Vorsicht beim Autoverleih an Freunde

Unfall: Die wenigsten Menschen werden einem Freund die Bitte abschlagen, ihm das Auto zu leihen. Doch bei einem Unfall kann dieser Freundschaftsdienst problematisch werden: Zwar zahlt die Kfz-Haftpflichtversicherung den Schaden am Fahrzeug des Unfallgegners genauso, als wenn der Fahrzeughalter selbst gefahren wäre. Doch dann stuft sie in der Regel den Schadenfreiheitsrabatt zurück. So entstehen dem Besitzer Kosten, die bei der Haftpflichtversicherung schnell einige Hundert Euro pro Jahr betragen können. Hinzu kommt die mögliche Selbstbeteiligung in der Kaskoversicherung.

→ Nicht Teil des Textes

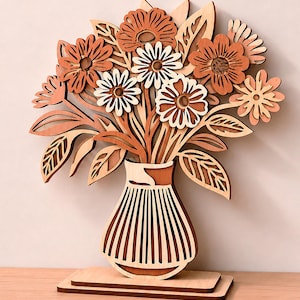 May include: A layered wooden cutout of a bouquet of flowers in a vase, featuring various shades of light and dark wood. The design includes multiple daisy-like blooms and leaves. Text labels indicate 1/8 in, 3 mm, 4 mm, and Digital Download.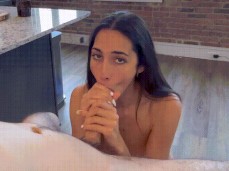 Brunette babe maintains eye contact whilst giving exceptional blowjob gif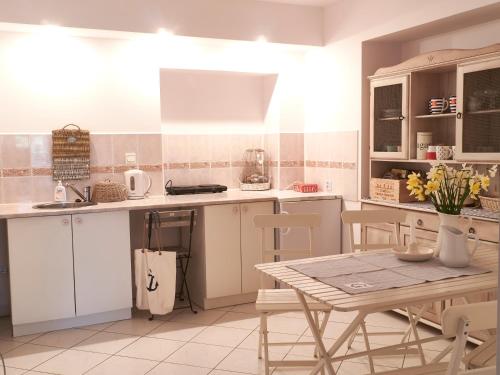 シフィノウイシチェにあるApartamenty MARINEのキッチン(白いキャビネット、テーブル、椅子付)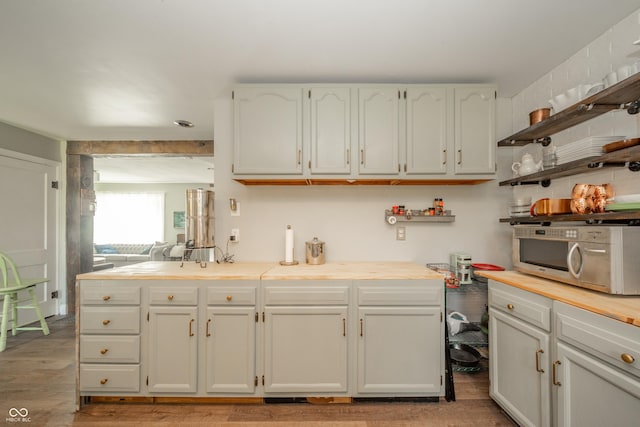 311 Northshore Blvd, Anderson, IN 46011 - kitchen with stainless steel microwave, open shelves, light wood finished floors, and light countertops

Strafzettel: Beim Verleihen des Wagens ist es deshalb wichtig, vorher zu klären, wer für mögliche Schäden oder Strafzettel aufkommt. Am besten schließt man einen Leihvertrag ab. Standard-Vorlagen dafür finden sich im Internet. Ein Leihvertrag mag zunächst übertrieben klingen, doch er kann einem späteren Streit vorbeugen – und damit dazu beitragen, dass die Freundschaft nicht an einem Missgeschick zerbricht.